Epilogue
THE ORACLE LEANED back, resting her head against the wall behind her, and smiled. She never knew for certain whether the plans she put in place, the tweaks she made, sometimes over a hundred years in advance, would actually work. She had hope, and she had faith—and she had her dragons—and that was usually enough, but there had been mistakes and accidents in the past.
A prime example was the state of her Monastery right at this very moment, with half of her dragons choosing to live abroad, and the other half so damaged in mind and body that they were only now starting to recover. Her Dragon of Earth had been greatly hurt by her actions, a mistake she had barely managed to fix, and her neglect of her Monastery while focused on a different threat had allowed her Dragon of Water to be utterly destroyed. She knew all about mistakes.
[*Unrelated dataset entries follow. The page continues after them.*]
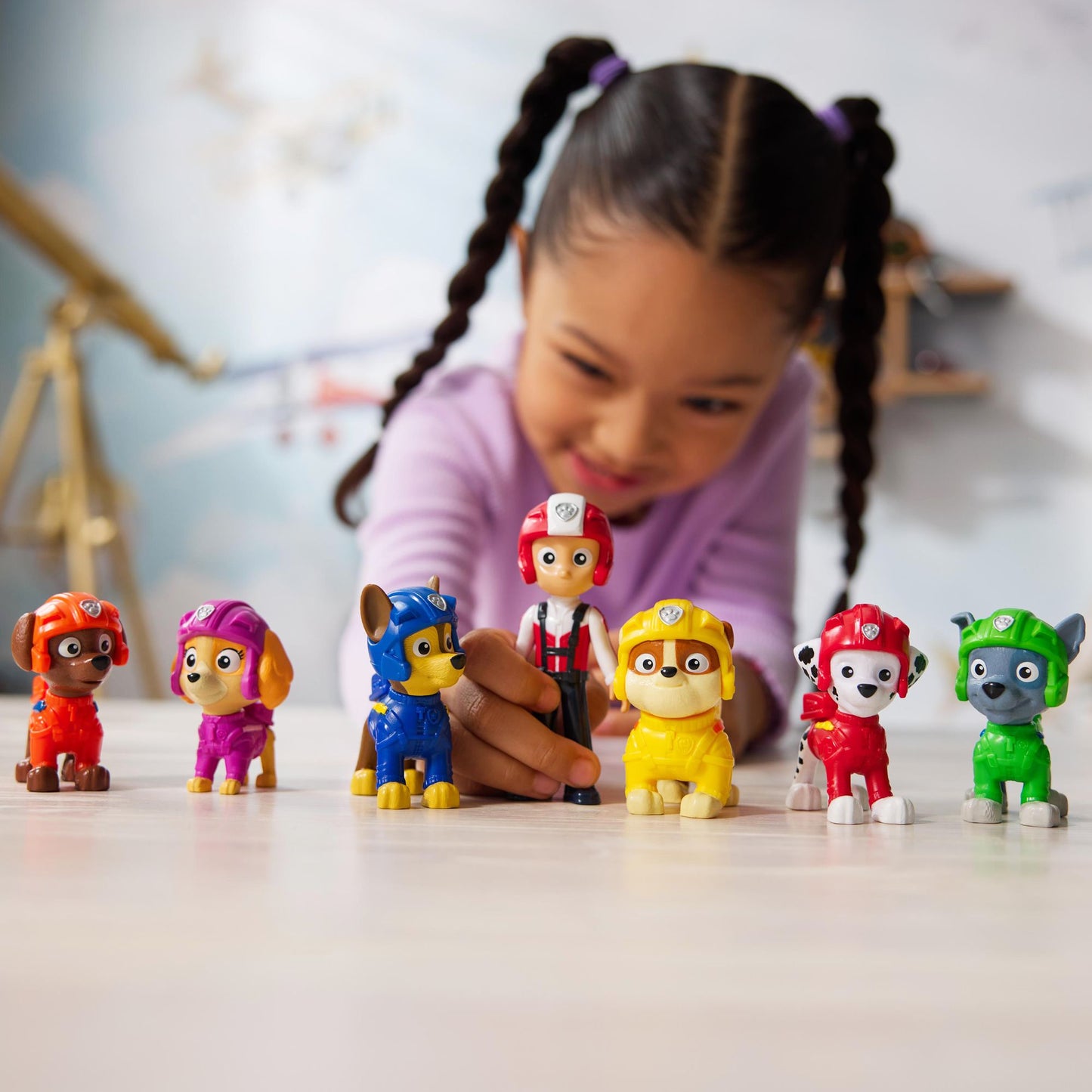 Paw Patrol Air Rescue Figure Pack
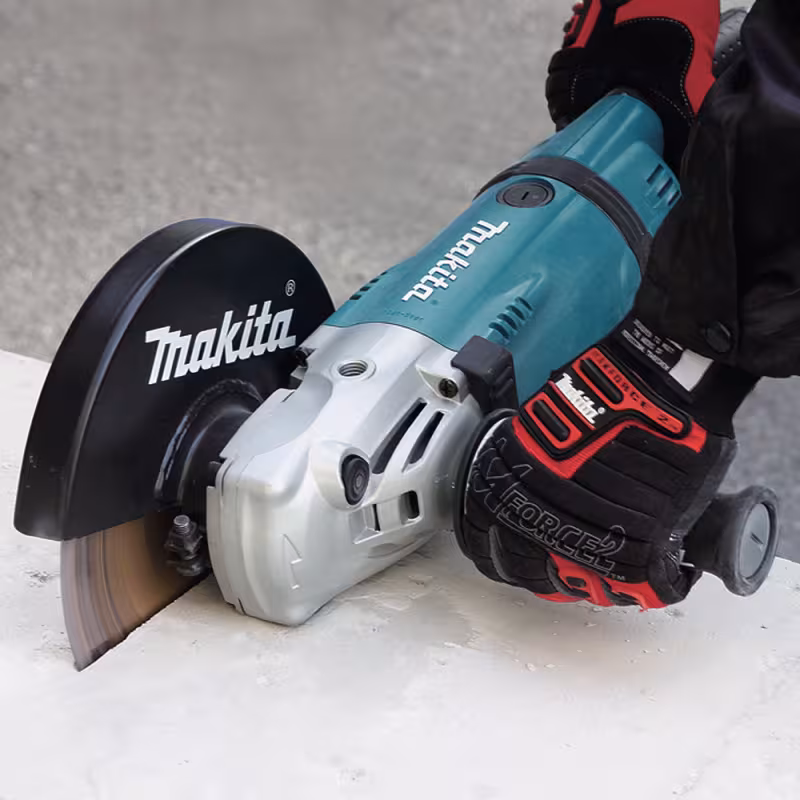 Шлифмашина угловая сетевая Makita GA9040SFK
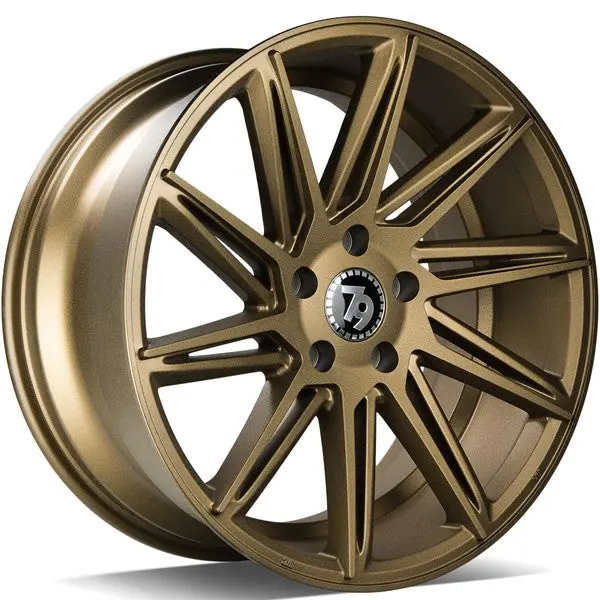 79Wheels Sv-R Matt Bronze 20*8.5 1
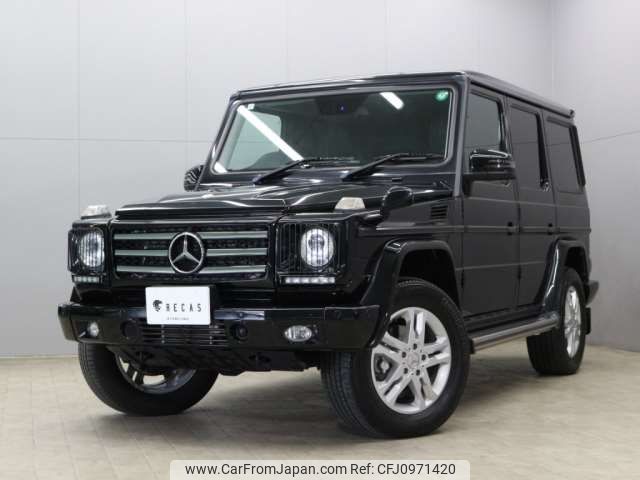 mercedes-benz g-class 2015 -MERCEDES-BENZ 【横浜 306ｾ7294】--Benz G Class LDA-463346--WDB4633462X232590---MERCEDES-BENZ 【横浜 306ｾ7294】--Benz G Class LDA-463346--WDB4633462X232590- image 1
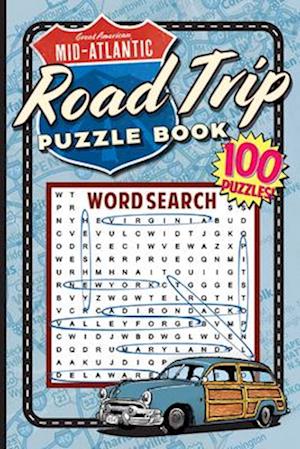 Great American Mid-Atlantic Road Trip Puzzle Book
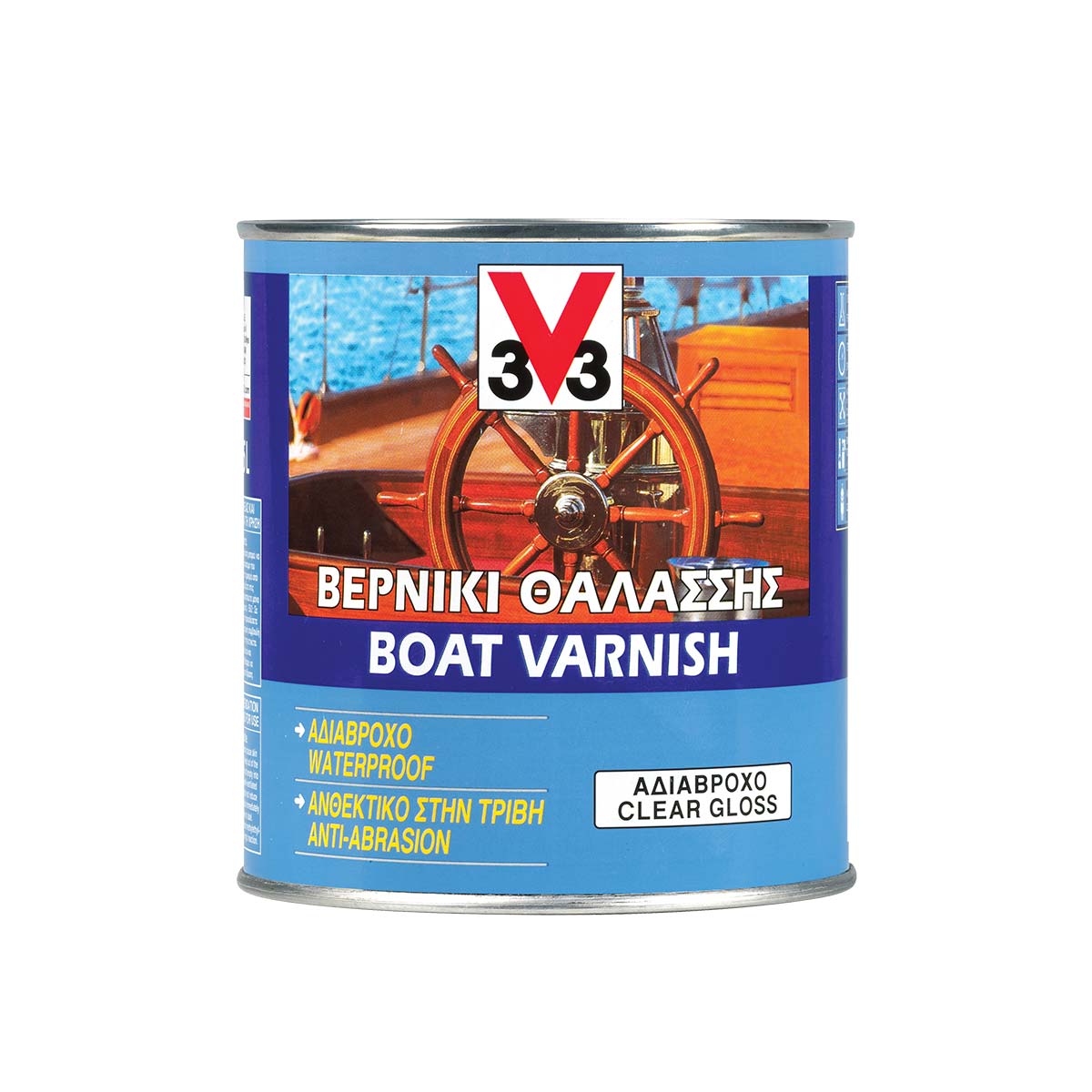 V33 BOAT VARNISH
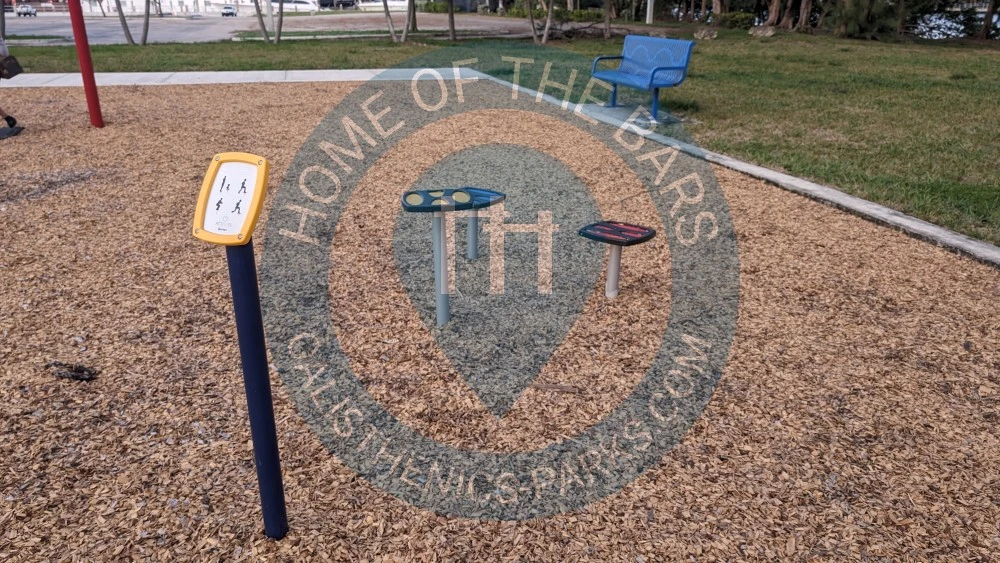 Calisthenics park in 
Address
                                    2901 Northeast 14th Street Causeway, Pompano Beach, Florida 33062, United States
                            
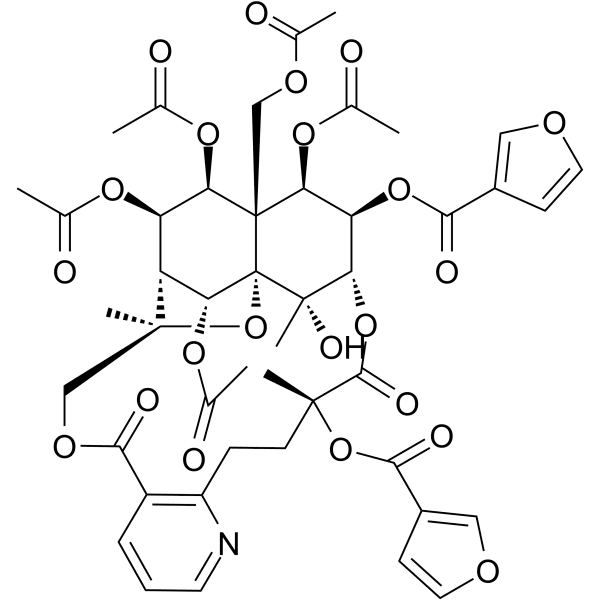 Triptonine B  Structure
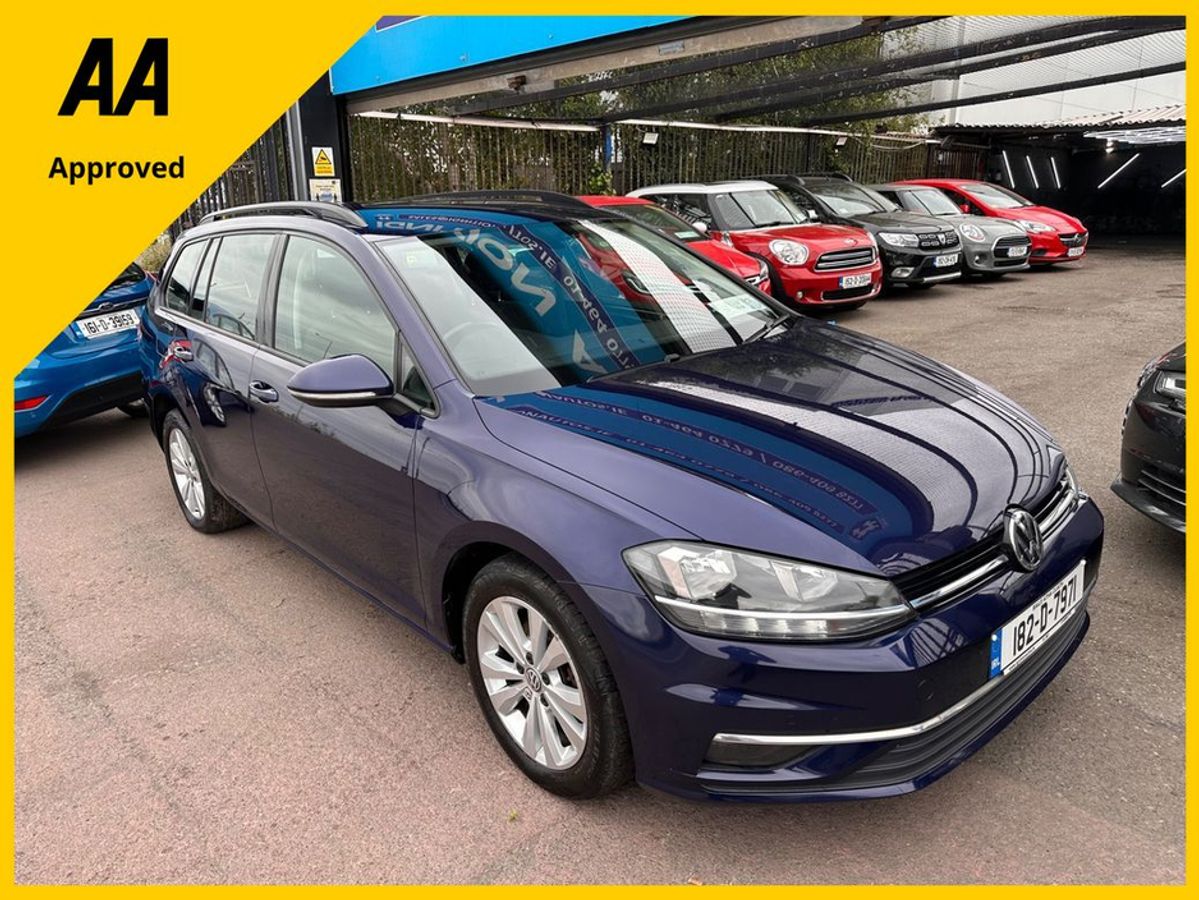 Used Volkswagen Golf 2018 in Dublin
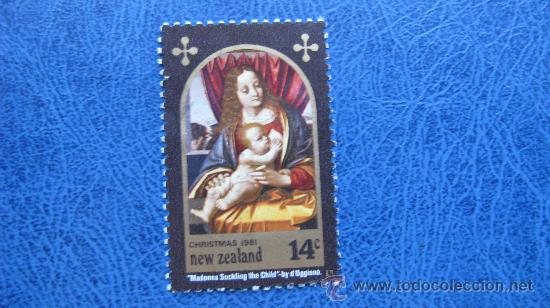 Sellos: 1981 nueva zelanda, navidad, yvert 801 - Foto 1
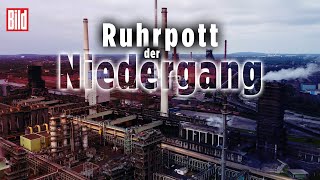 Abstieg Deutschland Der Zerfall des Ruhrpotts  BILD Reportage [upl. by Srevart]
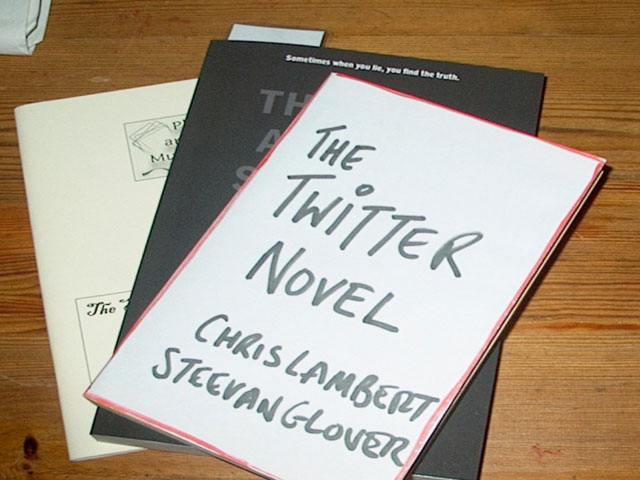 romanzo su twitter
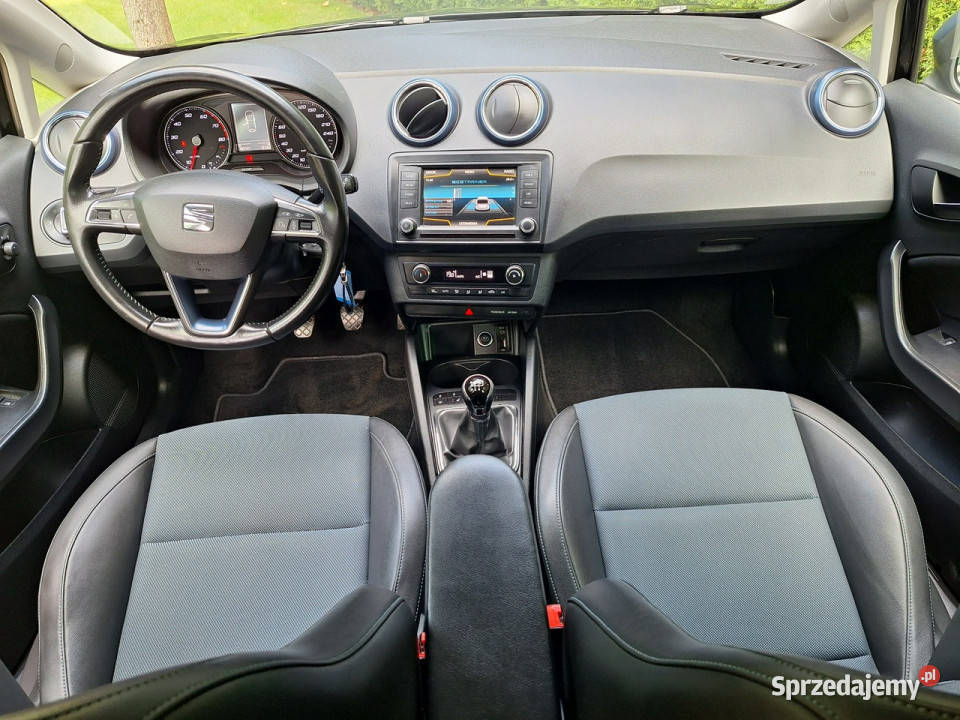 Seat Ibiza ST 12 TSI Connect IV 2008 Samochody osobowe Siewierz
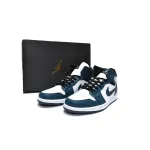 Air Jordan 1 Mid Armory Navy  554724-411
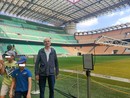 La mia prima volta con un campo veramente verde e la meraviglia. Io dirò sempre: «Vado a San Siro» La mia prima volta con un campo veramente verde e la meraviglia. Io dirò sempre: «Vado a San Siro»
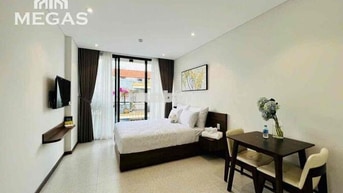 căn hộ Balcon Full Nội Thất ngay cạnh Đại Học Sài Gòn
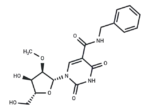 5-Benzylaminocarbony-2′-O-Me-uridine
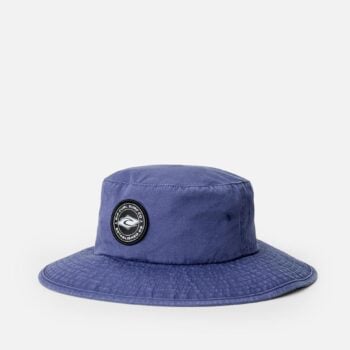 Rip Curl Stapler Wide Brim Hat Navy. Rip Curl Hats & Caps in Mens Hats & Caps & Mens Headwear. Code: 1JOMHE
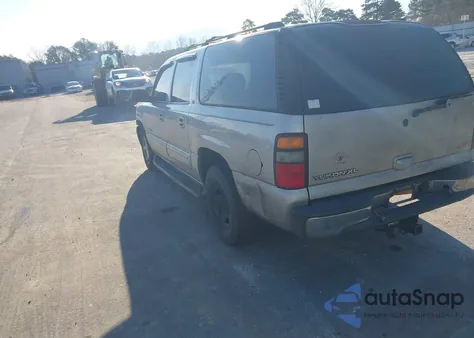 2004 GMC Yukon Xl 1500 Slt from USA, damaged, VIN 3GKEC16ZX4G334597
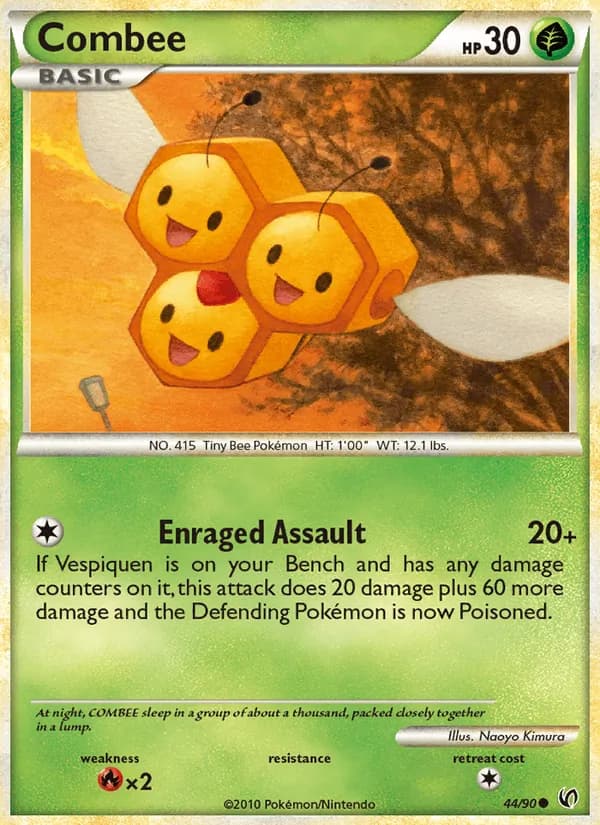 Combee 44/90, Undaunted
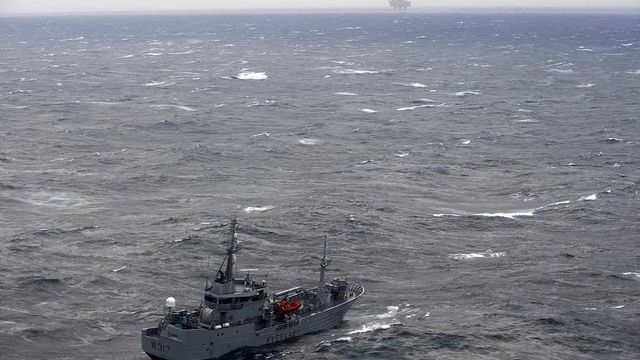 Oljen holder seg i ro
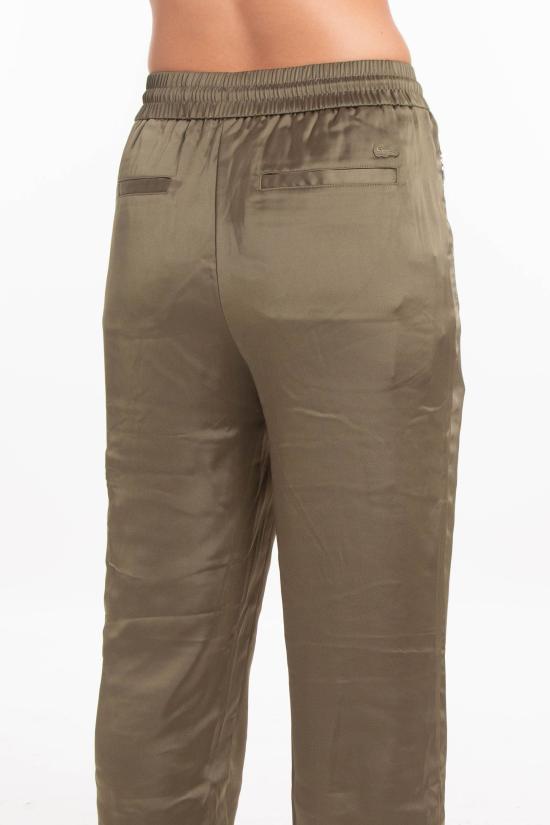 25FW 라코스테 트레이닝/조거 팬츠 HF5410 E9F Green - LACOSTE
This time, though, she hadn’t made a single mistake. She couldn’t afford to. It wasn’t just the need to prevent Sin’s escape. If it had just been that, she could have thwarted his plan eighteen years ago before Corey’s birth. She had seen her brother’s pain and loneliness and sought a solution to that too. It was only luck that a chance to stop both happened to coincide.
Of course, there were other futures that could have occurred too. She had seen Corey grow up alone with no one to care for him. He had learned to hate and to crave and demand what he wanted from others around him. In that future, he had not only freed Sin but had taken the lead in destroying the world. Not even her dragons could have stopped them. That was the worst of the possible futures and to prevent it, she had ensured the woman carrying Corey would end up giving birth in the same small town as a childless couple desperate for a baby.
There were other futures, some she had acted to avoid and some she had hoped would occur. Her last act had been to let her brother know where to find Corey, and then it was out of her hands. All she could do was watch and hope.
Sin would not have the power to mount another plan for a few hundred years, and even then, those plans would be weak. Maybe in another five thousand years he might come up with something viable. It was too far away with too many uncertain futures for her to know for sure, but she would keep watch on the future, just as the Sentinel would watch the present, and the Mage would protect the Tower.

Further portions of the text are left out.